Coast FIRE Calculator
Discover if your current savings are enough to grow to your retirement goal without additional contributions. Get instant, accurate calculations with no signup required.
How it changes the math
Normally your FIRE number is annual spending divided by withdrawal rate. When you expect guaranteed income, only the gap needs funding: (spending - guaranteed income) divided by withdrawal rate. A smaller FIRE number means a smaller Coast FIRE number - and an earlier date you can stop saving.
To model it above, enter the spending you need to cover yourself: total annual retirement spending minus your expected annual Social Security or pension income.
A worked example with Social Security
Suppose you expect to spend $50,000 a year in retirement and anticipate $20,000 a year from Social Security. You only need your portfolio to cover the remaining $30,000. At a 4% withdrawal rate that is a $750,000 FIRE number instead of $1,250,000 - a difference of half a million dollars in what you need to accumulate. Discount that smaller target back to today and your Coast FIRE number drops just as sharply, pulling forward the date you can stop saving.
To model this above, simply enter $30,000 - your spending net of guaranteed income - as your annual retirement spending. The result is a Coast FIRE number that already accounts for your benefit.
Where to find your benefit estimate
Do not guess at your Social Security income. In the United States, you can see a personalized estimate of your future monthly benefit by creating a free account at ssa.gov, which bases the figure on your actual earnings record. Your benefit depends on how much you have earned and the age at which you claim - claiming later, up to age 70, increases the monthly amount. Use a figure that matches your expected claiming age.
Pensions and other guaranteed income
Social Security is not the only income that lowers your number. A workplace pension, an annuity, rental income, or any other reliable stream works the same way: subtract its annual amount from your retirement spending before calculating, because your portfolio only needs to fund what those sources do not. The more of your spending that is covered by guaranteed income, the smaller the nest egg - and the Coast FIRE number - you need.

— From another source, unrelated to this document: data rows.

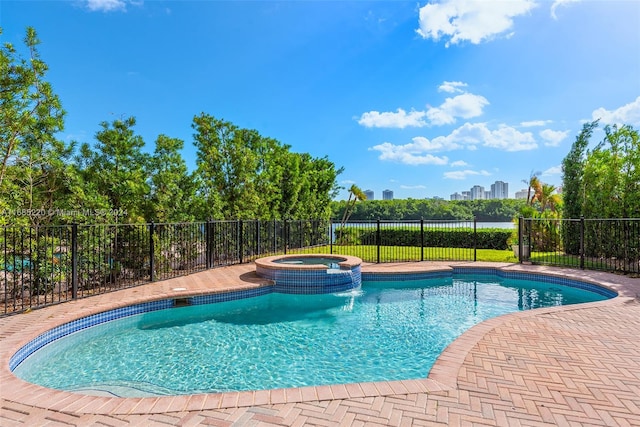 view of pool featuring an in ground hot tub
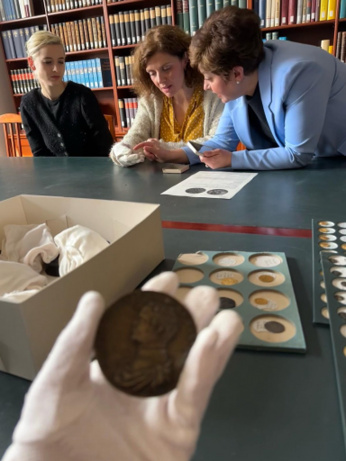 examining Coins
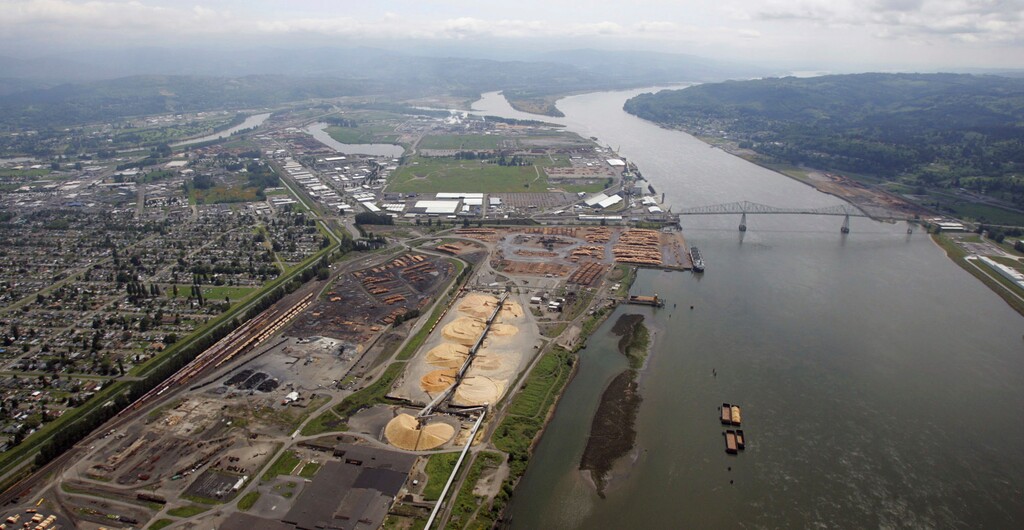 (Elaine Thompson | The Associated Press) In this May 12, 2005, file photo, the Port of Longview is visible on the Columbia River at Longview, Wash. Republican lawmakers from Western states and industry executives on Thursday, May 31, 2018, accused Washington state officials of unfairly blocking fossil fuel projects and dictating winners and losers among U.S. companies seeking to export products to Asia.
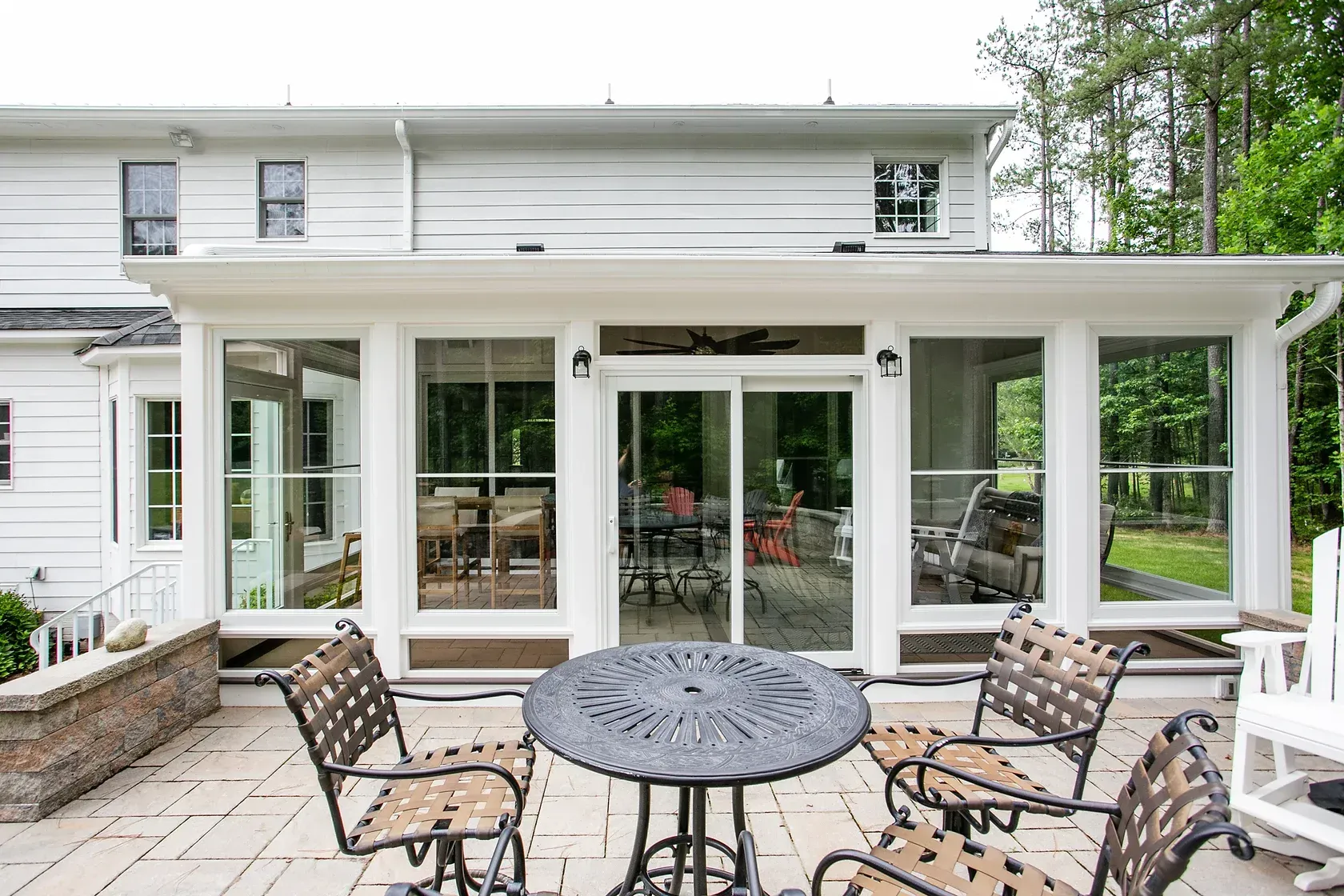 White sunroom addition with sliding glass doors, attached to a house. Patio furniture sits in front.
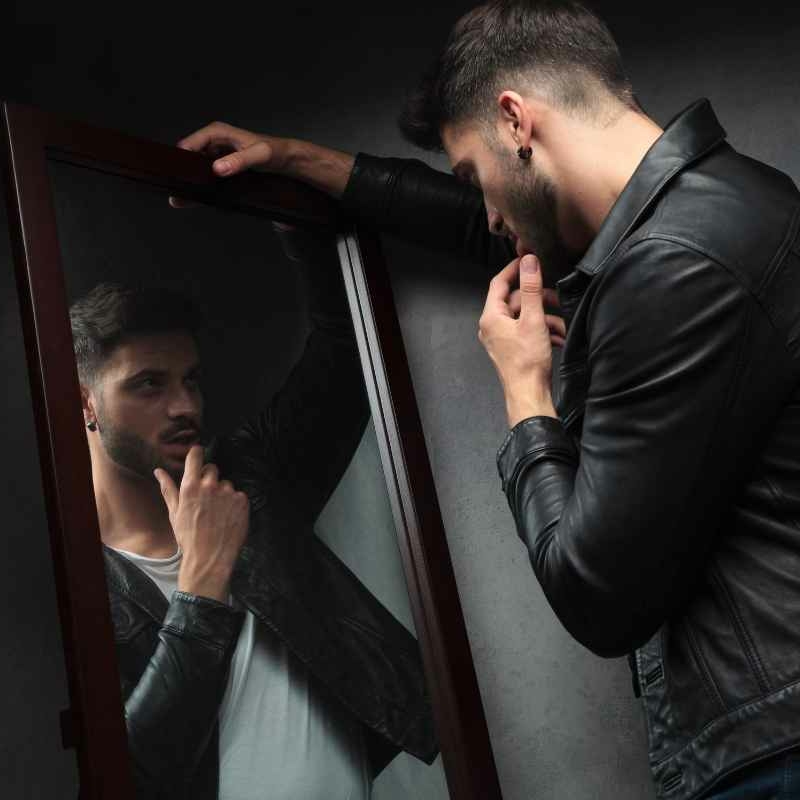 Man looking at himself in a mirror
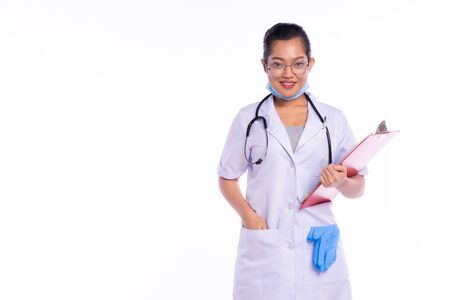 Woman doctor standing with folder on white backgroundの写真素材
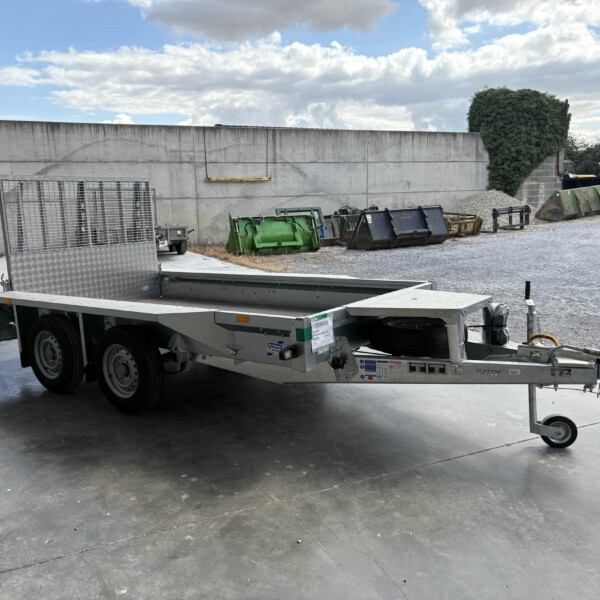 Silver flatbed trailer parked in a loading yard beside metal cages and dumpsters against a long gray concrete wall.
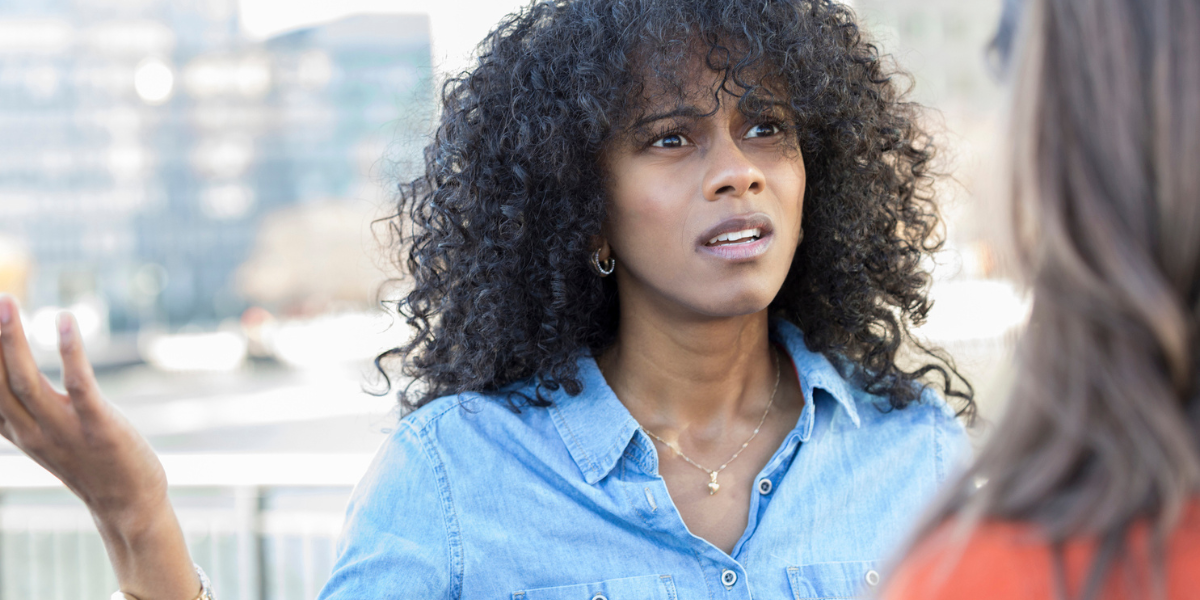 a woman with curly hair throws her arms up and frowns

Should you count on it? The case for caution
Many people in the FIRE community deliberately leave Social Security out of their calculations and treat it as a margin of safety rather than a foundation. The reasoning is that benefit levels decades away carry political and personal uncertainty, and a plan that works without Social Security is more robust. A sensible middle path is to include a conservative fraction of your projected benefit - enough to reflect reality without betting your retirement on an optimistic figure.